[Opening Records section]

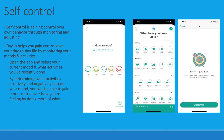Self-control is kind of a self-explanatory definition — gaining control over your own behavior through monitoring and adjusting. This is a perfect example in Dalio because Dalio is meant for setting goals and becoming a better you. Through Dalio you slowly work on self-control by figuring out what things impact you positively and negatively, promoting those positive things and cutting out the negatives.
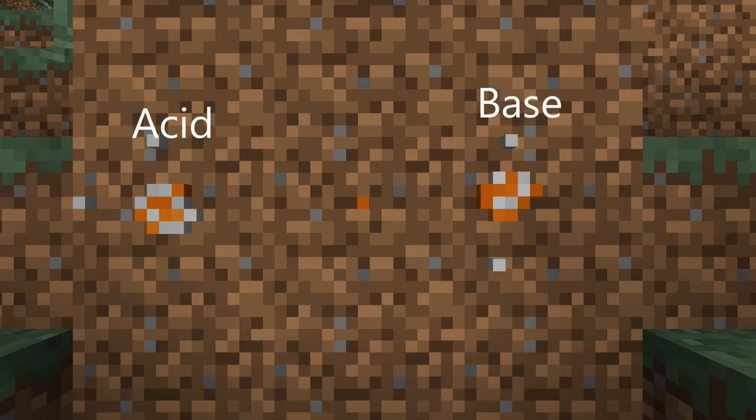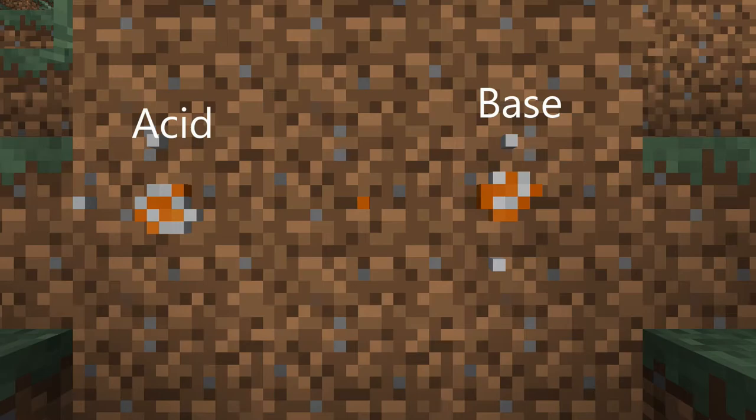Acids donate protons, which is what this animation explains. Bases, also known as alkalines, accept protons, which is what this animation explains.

[Closing Records section]
[Opening Records section]

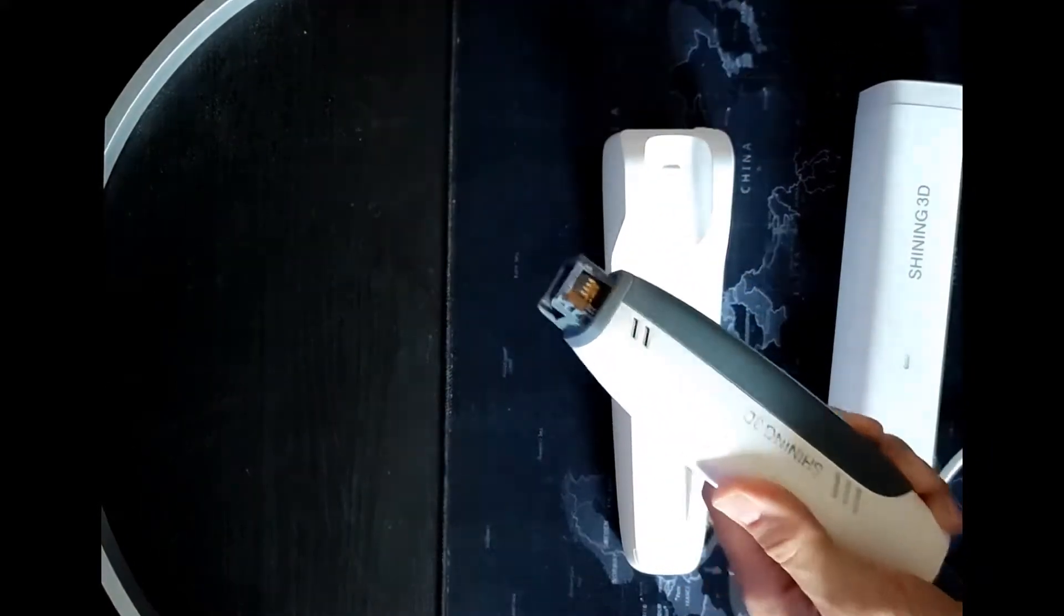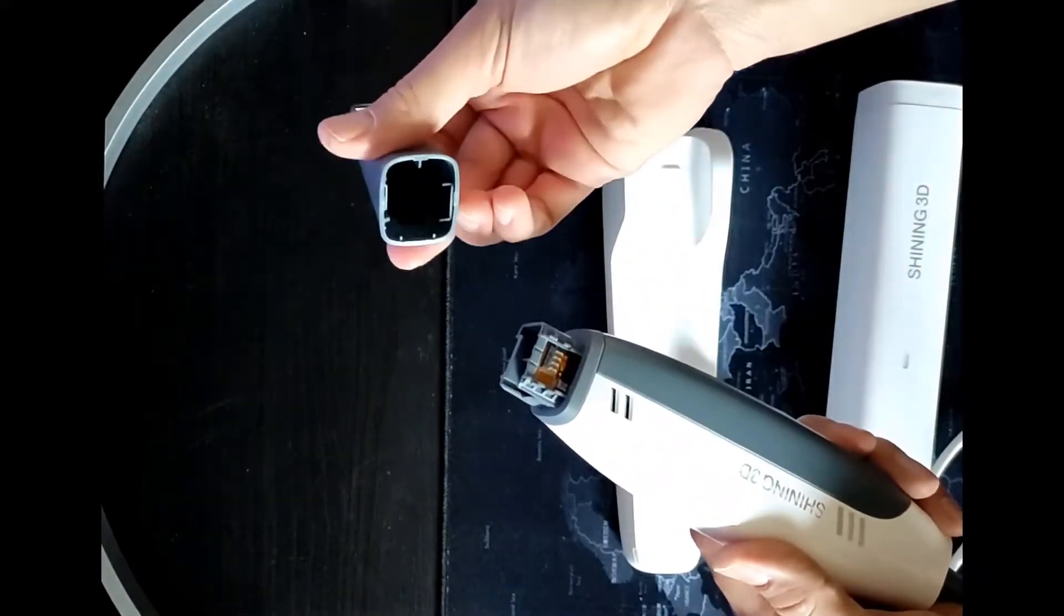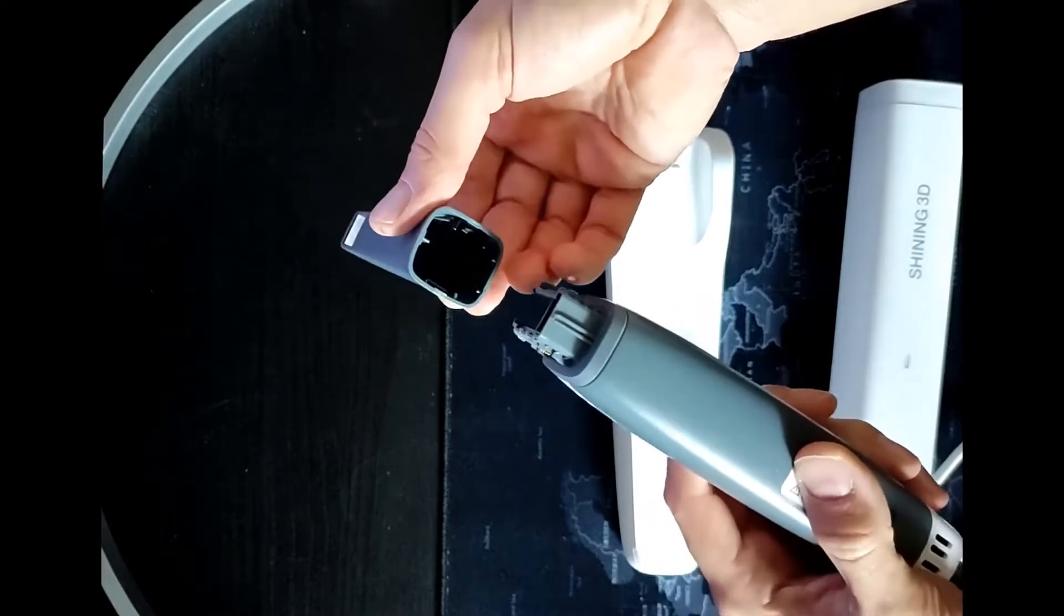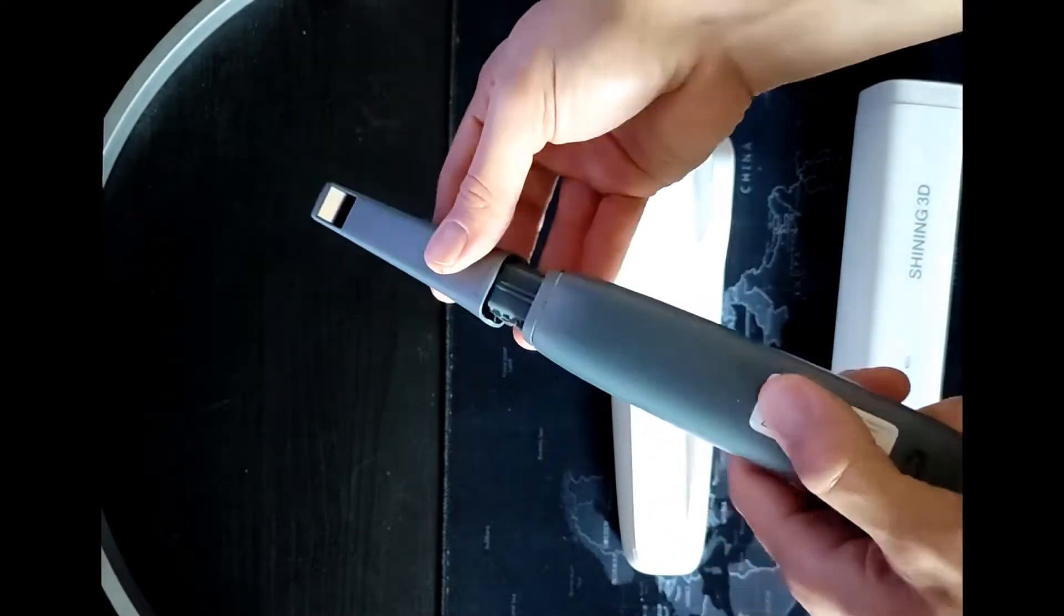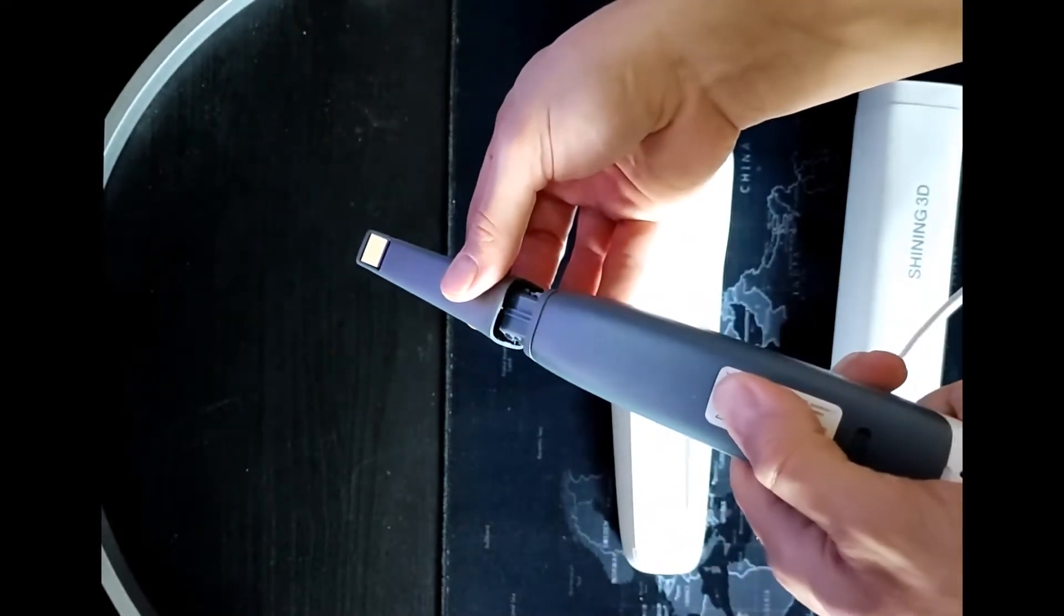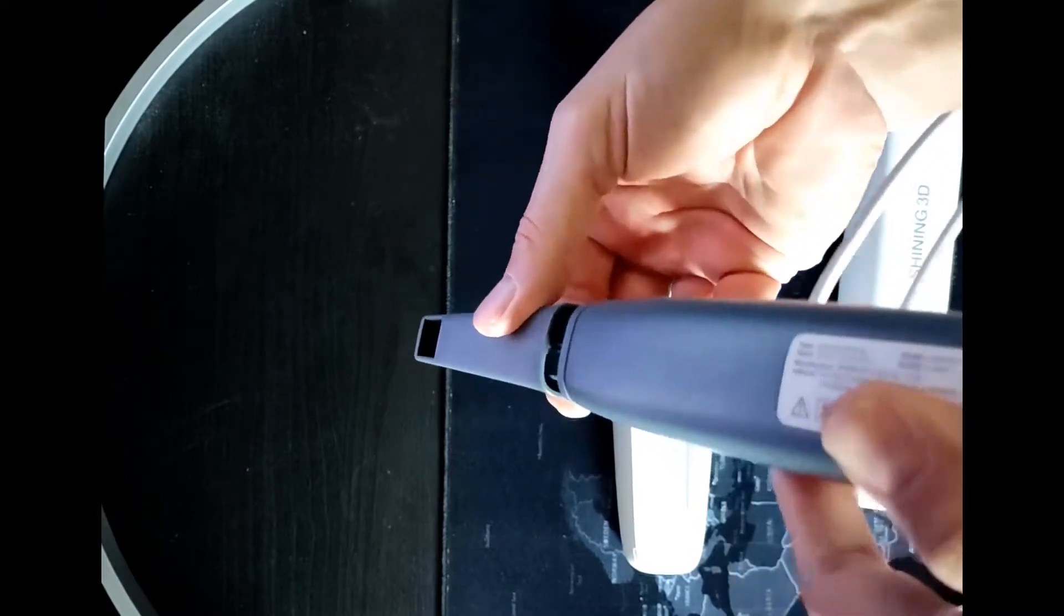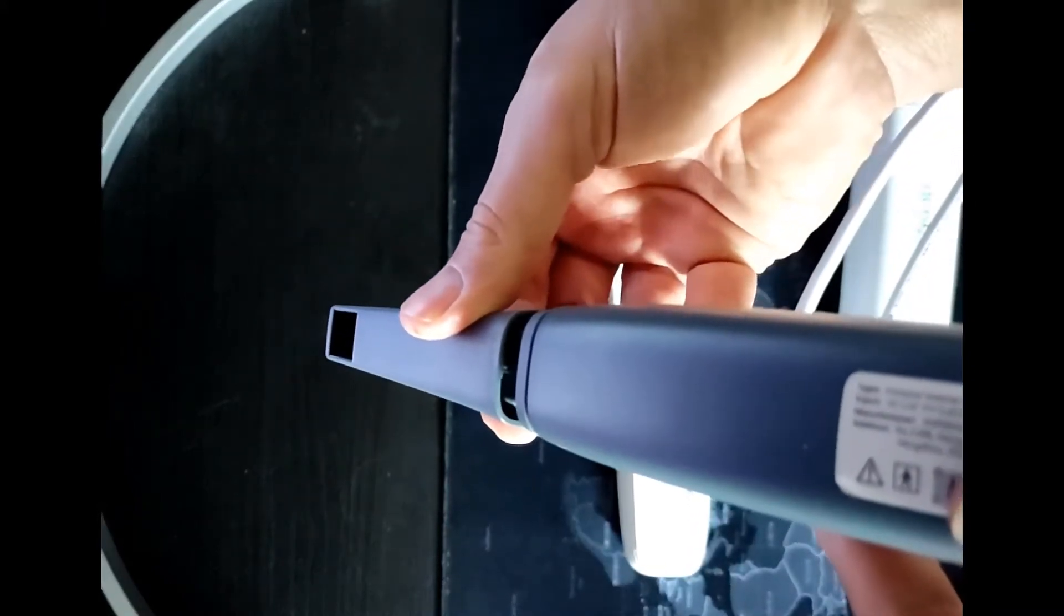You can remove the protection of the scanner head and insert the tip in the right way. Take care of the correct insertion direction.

[Closing Records section]

How to complete this task → Starting at the line containing "Self-control is kind" and stopping at the line containing "Acids donate protons, which", output every line above exactly, both ends included, with pictures omitted.

Answer →
Self-control is kind of a self-explanatory definition — gaining control over your own behavior through monitoring and adjusting. This is a perfect example in Dalio because Dalio is meant for setting goals and becoming a better you. Through Dalio you slowly work on self-control by figuring out what things impact you positively and negatively, promoting those positive things and cutting out the negatives.
Acids donate protons, which is what this animation explains. Bases, also known as alkalines, accept protons, which is what this animation explains.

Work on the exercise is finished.